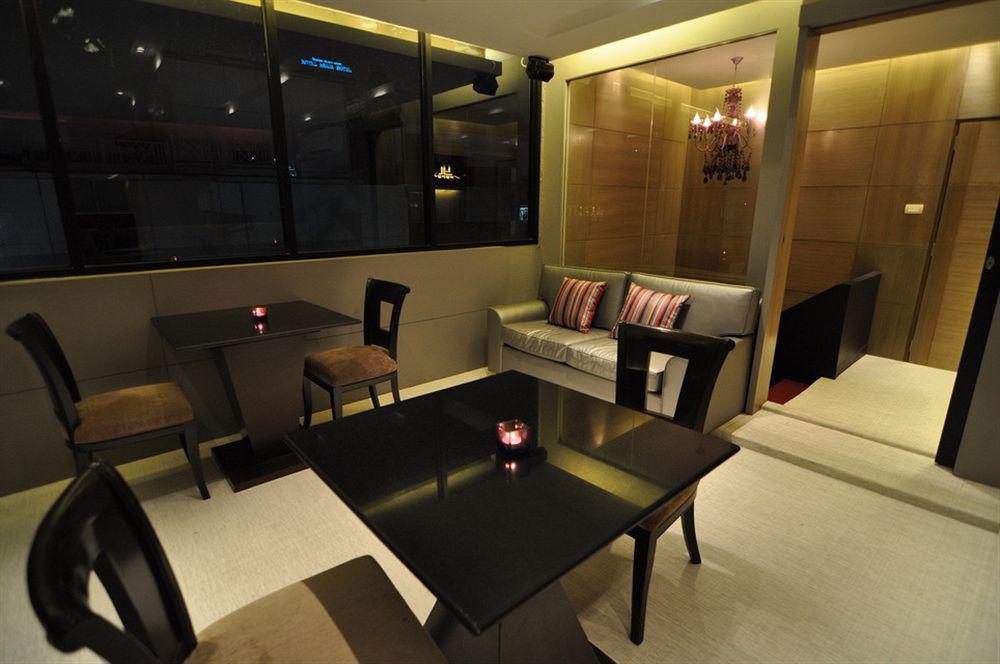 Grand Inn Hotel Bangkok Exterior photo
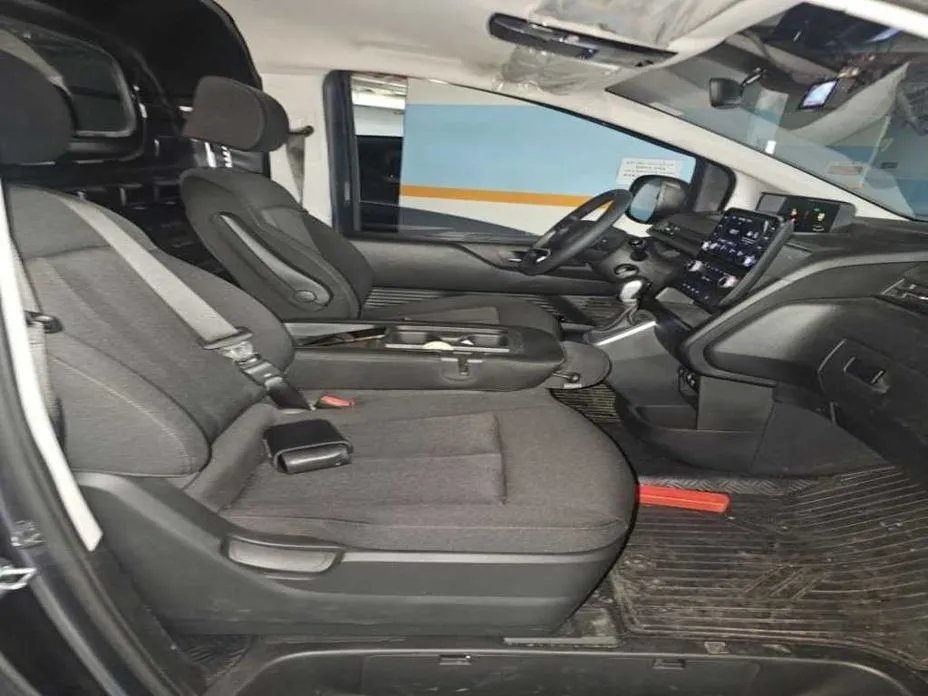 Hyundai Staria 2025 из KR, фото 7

══════

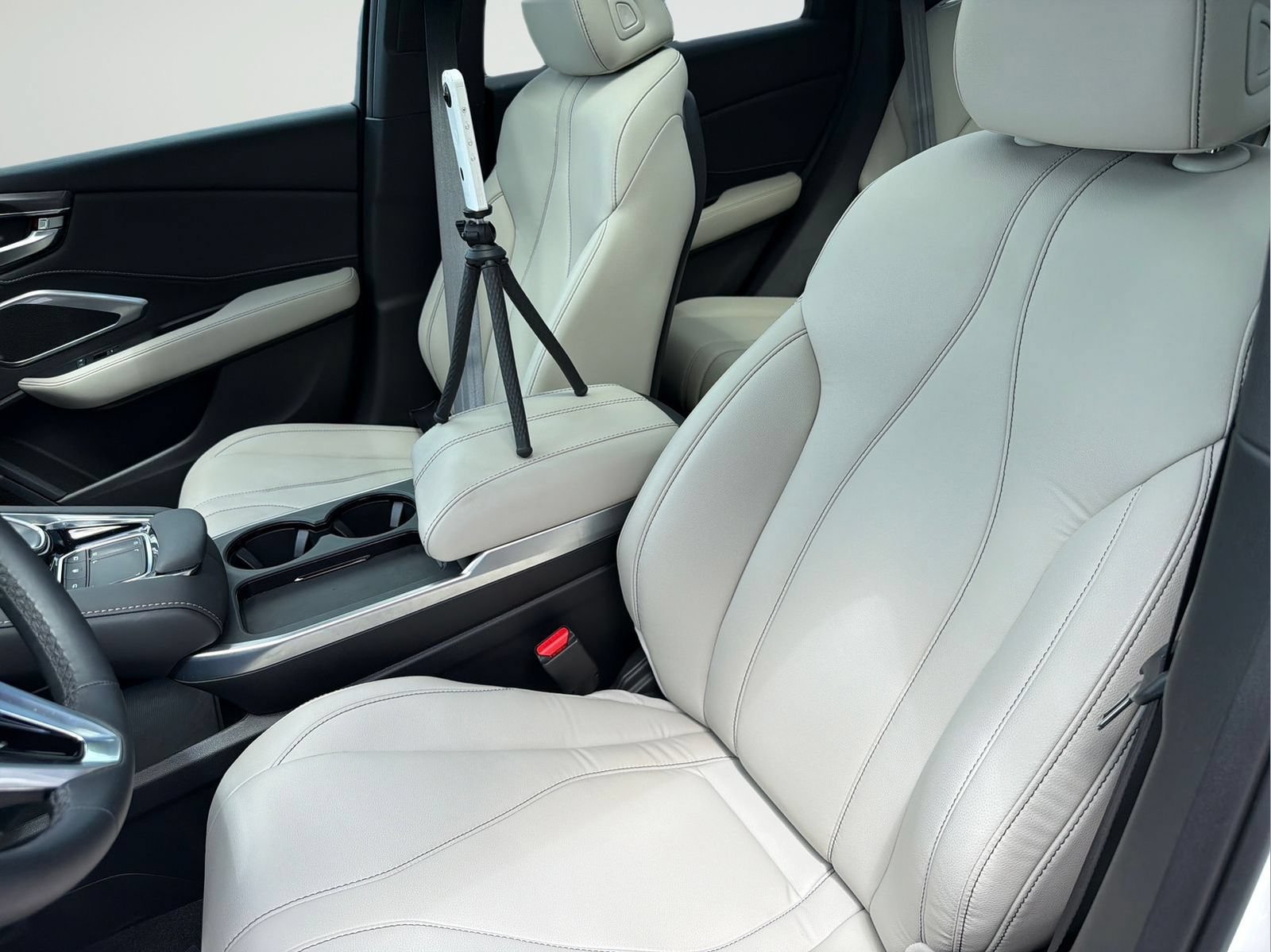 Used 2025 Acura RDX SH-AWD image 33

══════

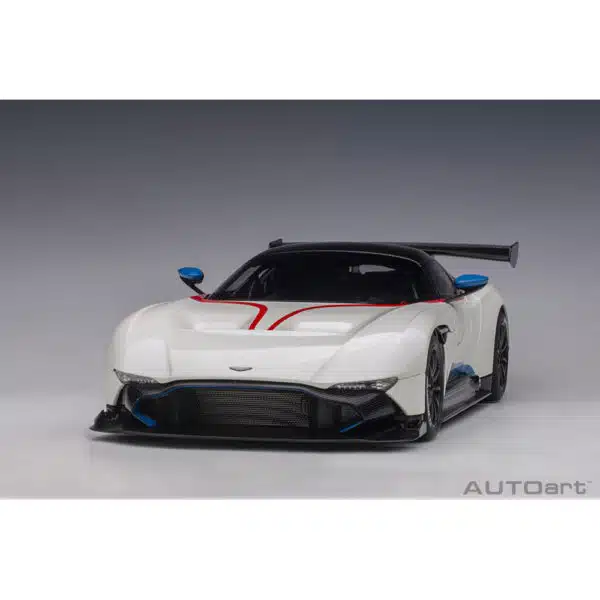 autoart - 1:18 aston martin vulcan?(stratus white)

══════

Using the entries above, write out exactly the lines from the one with "Grand Inn Hotel Bangkok Exterior photo" through the one with "Hyundai Staria 2025 из KR, фото 7", ends included. Leave out any pictures.

Exercise response:
 Grand Inn Hotel Bangkok Exterior photo
 Hyundai Staria 2025 из KR, фото 7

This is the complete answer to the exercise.